O decaimento do kaon carregado, extremamente difícil de captar, ocorre menos de 1 vez em 10 bilhões de decaimentos e foi observado pelo experimento NA62 do CERN com uma significância estatística de 5 sigma, o que significa que há apenas 0,00006% de chance de ser um erro. Essa descoberta abre caminhos para novas teorias físicas.
O Modelo Padrão tem sido uma ferramenta extremamente eficaz para explicar como as partículas interagem entre si. No entanto, ele não resolve alguns dos maiores mistérios do universo, como a natureza da matéria escura ou o desequilíbrio entre matéria e antimatéria.

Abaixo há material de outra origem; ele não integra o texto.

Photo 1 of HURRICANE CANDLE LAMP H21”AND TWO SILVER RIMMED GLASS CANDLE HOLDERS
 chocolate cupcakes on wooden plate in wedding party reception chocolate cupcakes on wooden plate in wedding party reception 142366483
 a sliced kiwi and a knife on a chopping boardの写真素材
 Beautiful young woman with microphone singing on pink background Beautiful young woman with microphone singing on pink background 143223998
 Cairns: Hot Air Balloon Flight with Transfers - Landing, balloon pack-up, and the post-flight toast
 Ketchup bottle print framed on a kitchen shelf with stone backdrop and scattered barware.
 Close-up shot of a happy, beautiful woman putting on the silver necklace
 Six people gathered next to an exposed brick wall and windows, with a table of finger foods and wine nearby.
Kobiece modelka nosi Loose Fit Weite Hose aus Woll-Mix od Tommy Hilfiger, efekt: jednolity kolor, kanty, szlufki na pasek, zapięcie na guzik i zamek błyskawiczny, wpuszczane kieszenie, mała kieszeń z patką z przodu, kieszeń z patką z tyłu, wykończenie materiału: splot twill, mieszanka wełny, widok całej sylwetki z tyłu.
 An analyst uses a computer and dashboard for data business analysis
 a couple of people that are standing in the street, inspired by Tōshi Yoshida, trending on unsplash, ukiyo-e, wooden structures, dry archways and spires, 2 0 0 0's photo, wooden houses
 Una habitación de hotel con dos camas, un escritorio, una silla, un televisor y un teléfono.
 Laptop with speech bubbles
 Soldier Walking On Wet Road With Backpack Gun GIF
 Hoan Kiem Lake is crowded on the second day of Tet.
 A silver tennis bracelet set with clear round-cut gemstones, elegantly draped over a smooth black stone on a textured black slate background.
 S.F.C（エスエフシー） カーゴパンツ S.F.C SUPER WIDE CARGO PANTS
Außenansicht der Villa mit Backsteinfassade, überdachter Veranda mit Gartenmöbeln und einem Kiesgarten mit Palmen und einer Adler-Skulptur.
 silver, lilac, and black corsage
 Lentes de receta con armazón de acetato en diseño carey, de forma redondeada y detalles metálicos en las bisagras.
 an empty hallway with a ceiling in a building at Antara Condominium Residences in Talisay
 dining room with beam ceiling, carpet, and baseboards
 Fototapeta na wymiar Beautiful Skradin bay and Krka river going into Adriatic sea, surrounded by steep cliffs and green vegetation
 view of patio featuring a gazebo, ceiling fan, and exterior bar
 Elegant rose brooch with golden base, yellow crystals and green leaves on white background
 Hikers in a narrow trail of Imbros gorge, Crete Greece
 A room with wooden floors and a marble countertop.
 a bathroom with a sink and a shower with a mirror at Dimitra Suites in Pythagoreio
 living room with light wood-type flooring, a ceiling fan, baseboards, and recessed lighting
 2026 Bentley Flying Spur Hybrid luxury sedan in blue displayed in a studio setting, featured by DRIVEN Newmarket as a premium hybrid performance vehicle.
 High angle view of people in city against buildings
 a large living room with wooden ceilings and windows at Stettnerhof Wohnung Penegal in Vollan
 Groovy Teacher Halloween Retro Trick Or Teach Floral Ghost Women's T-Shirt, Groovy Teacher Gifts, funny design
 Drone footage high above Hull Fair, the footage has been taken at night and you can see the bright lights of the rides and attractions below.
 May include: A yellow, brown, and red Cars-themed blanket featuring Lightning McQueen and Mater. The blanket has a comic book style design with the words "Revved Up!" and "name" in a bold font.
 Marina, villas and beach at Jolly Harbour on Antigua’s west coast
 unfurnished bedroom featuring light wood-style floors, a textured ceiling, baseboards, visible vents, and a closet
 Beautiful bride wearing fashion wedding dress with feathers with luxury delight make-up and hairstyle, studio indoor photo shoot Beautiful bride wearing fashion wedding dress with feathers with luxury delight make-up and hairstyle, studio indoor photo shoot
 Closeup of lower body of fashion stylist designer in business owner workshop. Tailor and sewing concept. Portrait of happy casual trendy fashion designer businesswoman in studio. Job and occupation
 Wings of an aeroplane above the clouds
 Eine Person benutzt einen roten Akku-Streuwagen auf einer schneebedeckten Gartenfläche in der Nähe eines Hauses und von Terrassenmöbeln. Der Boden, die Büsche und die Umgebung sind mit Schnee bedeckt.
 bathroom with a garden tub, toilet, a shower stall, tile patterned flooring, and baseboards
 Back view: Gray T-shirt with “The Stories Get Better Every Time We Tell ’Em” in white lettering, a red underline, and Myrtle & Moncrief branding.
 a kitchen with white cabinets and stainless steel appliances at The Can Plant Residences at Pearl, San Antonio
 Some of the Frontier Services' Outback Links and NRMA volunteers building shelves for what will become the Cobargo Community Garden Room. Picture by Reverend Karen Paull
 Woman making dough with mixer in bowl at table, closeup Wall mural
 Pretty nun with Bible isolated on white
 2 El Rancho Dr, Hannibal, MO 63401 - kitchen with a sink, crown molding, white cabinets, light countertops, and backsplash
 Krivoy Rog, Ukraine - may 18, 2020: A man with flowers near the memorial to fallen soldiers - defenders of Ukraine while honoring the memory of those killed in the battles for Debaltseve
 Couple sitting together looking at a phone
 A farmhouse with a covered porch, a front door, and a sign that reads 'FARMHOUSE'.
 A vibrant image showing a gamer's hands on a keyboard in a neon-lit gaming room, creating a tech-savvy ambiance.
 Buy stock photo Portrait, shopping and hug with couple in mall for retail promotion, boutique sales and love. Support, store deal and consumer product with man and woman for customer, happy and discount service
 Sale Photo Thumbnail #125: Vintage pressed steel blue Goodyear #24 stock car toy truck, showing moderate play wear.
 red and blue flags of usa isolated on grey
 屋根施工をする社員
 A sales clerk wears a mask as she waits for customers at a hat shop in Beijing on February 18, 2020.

Por isso, os cientistas buscam evidências de fenômenos que vão além dessa teoria, e o decaimento do kaon carregado é um desses eventos cruciais. Medir o K+ decaindo em um píon carregado e dois neutrinos é particularmente interessante porque qualquer pequena discrepância entre as previsões e as observações pode indicar a presença de novas partículas ou forças ainda desconhecidas.
Esse processo já havia sido observado antes, mas esta é a primeira vez que ele foi medido com tamanha precisão e confiabilidade. Para realizar o experimento, os cientistas usaram o acelerador de partículas Super Proton Synchrotron (SPS) do CERN, que colide prótons de alta energia em um alvo fixo. Dessa colisão, surgem bilhões de partículas secundárias, dentre as quais apenas cerca de 6% são kaons carregados.
O detector do NA62 é então capaz de identificar e medir essas partículas e seus produtos de decaimento com extrema precisão. No caso dos neutrinos, como eles não podem ser detectados diretamente, sua presença é deduzida a partir da energia ausente no processo.
O que torna essa descoberta ainda mais intrigante é que, embora o decaimento observado esteja em linha com as previsões do Modelo Padrão, ele ocorre com uma frequência 50% maior do que o esperado.
Enquanto o modelo prevê que menos de 1 em 10 bilhões de kaons deveria decair dessa maneira, os cientistas observaram uma taxa de 13 em cada 100 bilhões. Esse desvio pode indicar a presença de novas partículas ou forças que ainda não foram descobertas. Os cientistas envolvidos no estudo acreditam que, por estarem tendo um resultado diferente do previsto, eles podem estar diante de uma nova física.
Apesar de a diferença observada entre o esperado e o medido não ser grande o suficiente para descartar o Modelo Padrão por completo, ela é suficientemente intrigante para justificar mais estudos.
Com a coleta de novos dados e o aprimoramento dos equipamentos do NA62, os cientistas esperam obter uma resposta definitiva nos próximos anos. Se essas discrepâncias persistirem, poderemos estar à beira de uma revolução na física de partículas, similar àquela causada pela descoberta do Bóson de Higgs.